In Blade Runner, fugitive replicant Roy Batty (Rutger Hauer) hunts Harrison Ford’s Rick Deckard — a special agent who sets out to “retire” replicants — in his pursuit of his creator on Earth. The film’s final scene and famous speech, in which the two confront each other and Roy shares memories of his lifetime, reveals that the android possesses a humanity perhaps greater than the men who hunt him.

2001: A Space Odyssey

Man and machine fight to survive in Stanley Kubrick’s masterful science fiction film 2001. When a spaceship’s onboard computer, named HAL 9000, malfunctions and puts a group of astronauts at risk, they are challenged with shutting HAL down — despite the fact that the supercomputer has been ordered to protect the mission at any cost. In his 1997 review of the film, Roger Ebert captures the essence of the HAL-human struggle:

Only a few films are transcendent, and work upon our minds and imaginations like music or prayer or a vast belittling landscape. Most movies are about characters with a goal in mind, who obtain it after difficulties either comic or dramatic. “2001: A Space Odyssey” is not about a goal but about a quest, a need. It does not hook its effects on specific plot points, nor does it ask us to identify with Dave Bowman or any other character. It says to us: We became men when we learned to think. Our minds have given us the tools to understand where we live and who we are. Now it is time to move on to the next step, to know that we live not on a planet but among the stars, and that we are not flesh but intelligence.

Robot & Frank

An aging jewel thief (Frank Langella) with a rapidly deteriorating memory is gifted with a robot butler who unknowingly helps him revive his career as a crook.
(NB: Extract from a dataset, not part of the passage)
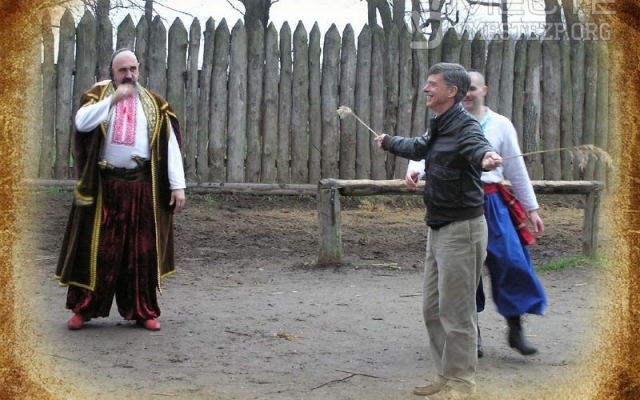 Конный театр «Запорожские казаки»: прошлое, увиденное наяву Фото № 2 Конный театр «Запорожские казаки»: прошлое, увиденное наяву Фото № 2
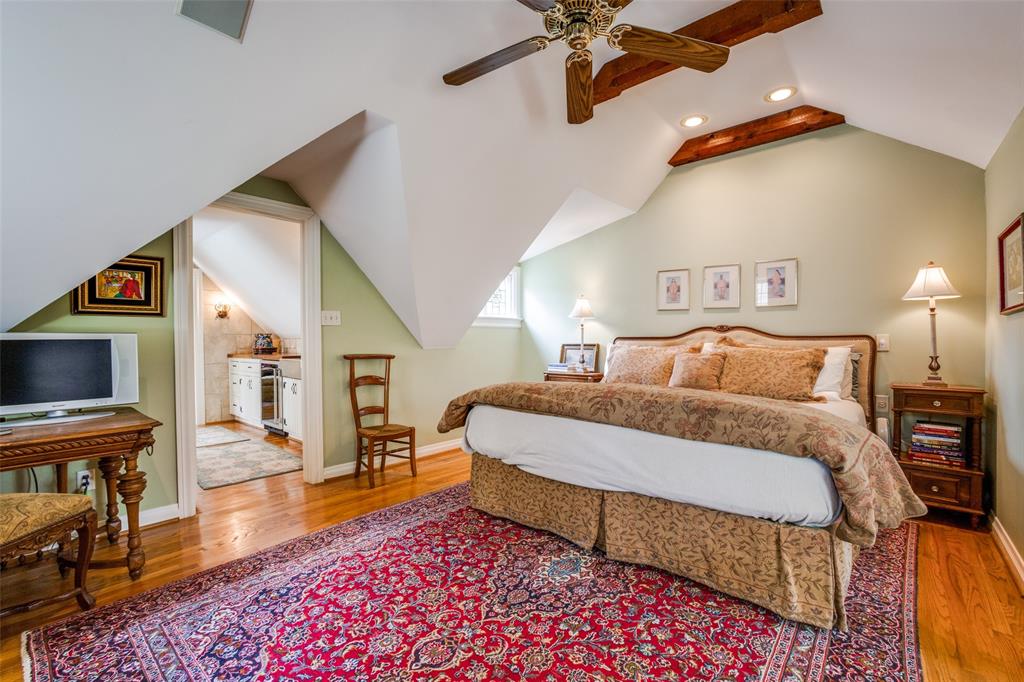 Country Club Estates - Residential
The film is a rare portrait of an A.I.’s connection to the elderly, highlighting the frailties of humanity, and its impact on the everyday life of the average person.

The Stepford Wives

A small town hides a sinister secret about its female residents. The women are submissive and eerily “perfect.” These suburban zombies are terrifying when turned, but Bryan Forbes’ adaptation of Ira Levin’s novel is frightening from the start when Katharine Ross’ independent woman is convinced to leave her career behind and move to Stepford against her will. The film makes us question how A.I.s can be subverted to keep already oppressed groups under the thumb.

Bicentennial Man

Bicentennial Man, starring Robin Williams as a robotic family butler, questions what kind of life an advanced A.I. capable of reciprocating human emotions can have when its masters don’t share its ability to live forever.

Metropolis

The Maschinenmensch, or False Maria, was the first robot to appear in cinema, starring in Fritz Lang’s 1927 film Metropolis. As the striking android transforms into the human Maria’s evil twin, she convinces the downtrodden city’s workers to abandon their pleas for social justice and engage in an all-out war. Lang’s film demonstrates cinema’s ongoing fascination with androids that become “instruments of a new oppression.”

Star Wars

Android buddies C-3PO and R2-D2 have a near parent-child relationship in the Star Wars series. Apart from providing some comic relief, the duo serve as “the herald, a person or animal who carries the message that causes the journey to begin.”